13. With regard to ground 2 of the appeal, it was submitted on behalf of the 1st and 2nd respondents that orders for reinstating a matter which has been dismissed by court are equitable and/or discretionary which are to be exercised at the discretion of the court depending on the facts and circumstances in a matter. It is submitted that for the court to exercise its discretion, it is incumbent that all facts of a case and/or circumstances that led to the dismissal of the matter are taken into consideration. The respondents pointed out that the appellant in his affidavit in support of the application of 28th November, 2022 falsely stated on oath that neither he nor his advocate were served with the notice to show cause dated 11th April 2022 hence his absence on the date of the notice to show cause on 5th July, 2022, yet it was noted by the trial court that the appellant was served personally since at the time he had withdrawn his advocates on record.
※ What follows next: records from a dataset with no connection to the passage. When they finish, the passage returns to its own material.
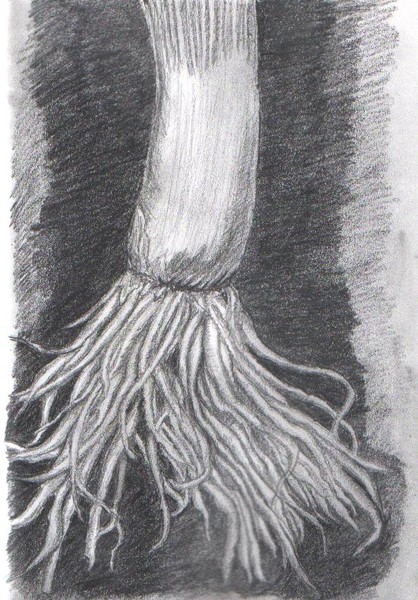 Sping onion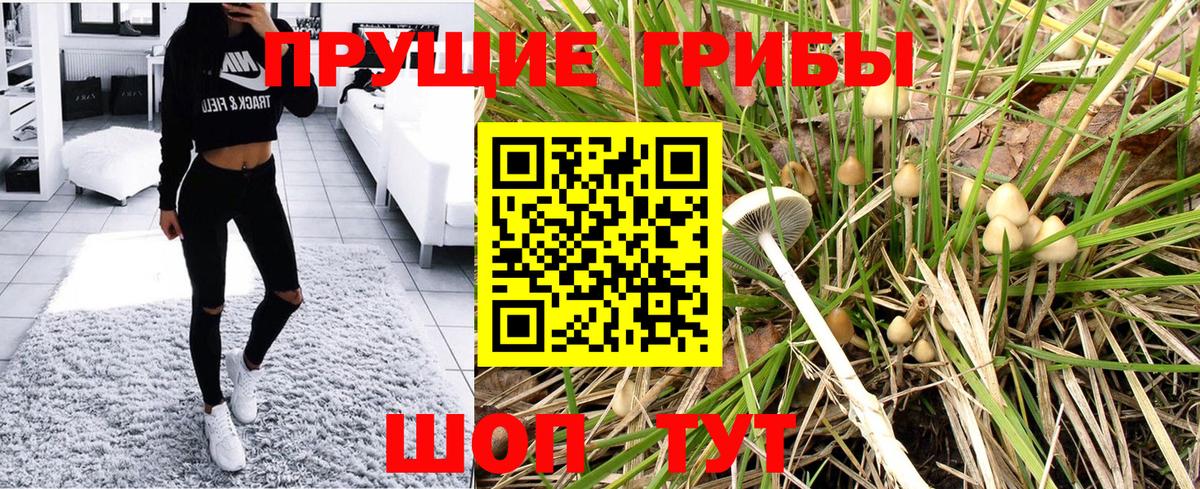 Псилоцибиновые грибы мицелий Бугуруслан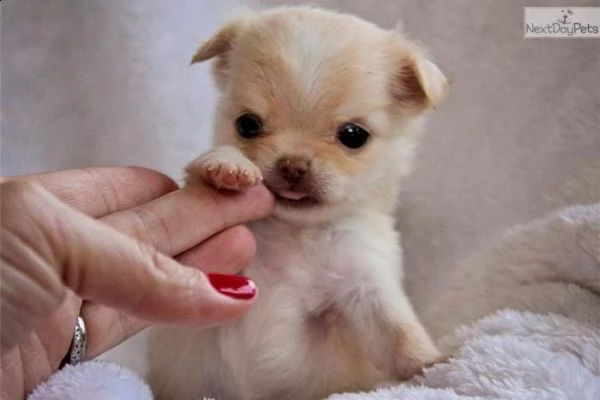 abbiamo disponibili cucciolotti amabili e belli di pincher chihuahua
That the trial court also noted that the appellant despite blaming the inordinate delay in prosecuting the matter on his advocates, he reinstated the same advocates to file the application to reinstate the suit on 28th November, 2022. That the appellant sat on his hands and failed to prosecute the case for 1 year and 5 months thus prompting the trial court to issue a notice to show cause which culminated in the dismissal on 5th July, 2022.
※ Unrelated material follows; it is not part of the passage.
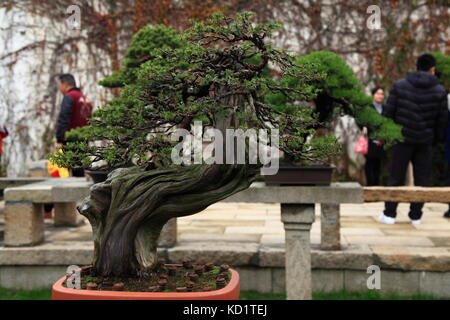 Chinese Garden Stock Photo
14. With regard to ground 3 of the appeal in which the appellant argued that his suit against the respondents is merited and that the trial court should have considered this before dismissing the application to reinstate the suit, it was submitted on behalf of the 1st and 2nd respondents that the same was not argued by the appellant before the trial court and is attempting to now have this appellate court make a unilateral determination on merits of a case that the appellant failed to prosecute before the trial court. The court was urged to refrain from doing so.
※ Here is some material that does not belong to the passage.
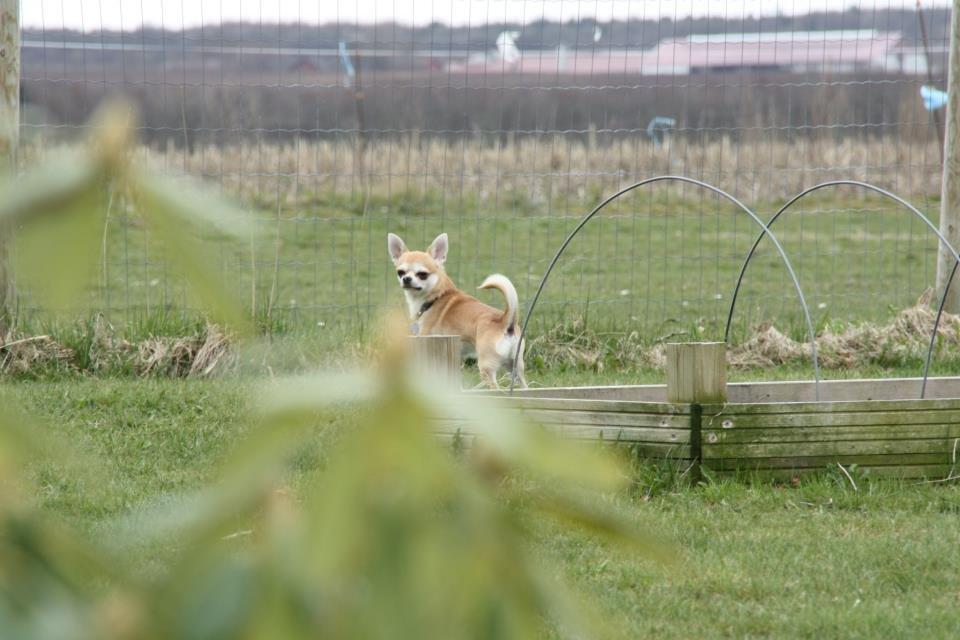 Chihuahua Tiko <3 billede 13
15. It was also submitted on behalf of the 1st and 2nd respondents that ground 4 of the appeal is unmerited and must also fail. In this regard, learned counsel for the 1st and 2nd respondents referred the court to their submissions on grounds 1, 2 and 3 above.

16. The 1st and 2nd respondents relied on the case of Mbogo & another Vs Shah (1968) EA 93 and submitted that when the court is called upon to exercise its discretion judiciously, it is imperative that it looks into the conduct of the parties seeking the discretion, hence the maxim “equity aids the vigilant.” That there was inordinate delay in prosecution of the matter before the lower court and the appellant is guilty of laches, and by invoking the Judicial discretion is now deliberately trying to obstruct or delay the course of justice by filing an unmerited appeal. The court was urged to dismiss the appeal with costs to the respondents. The 1st and 2nd respondents relied on the case of Savings and Loans Limited Vs Susan Wanjiru Muritu Nairobi (Milimani) HCCS No. 397 of 2002 and submitted that justice demands that litigation be conducted efficiently and that the appellant should bear the responsibility for the lackadaisical way he handled his case in the lower court. The court was urged to dismiss the appeal with costs to the respondents for being devoid of merit and an abuse of the process of this Honourable court.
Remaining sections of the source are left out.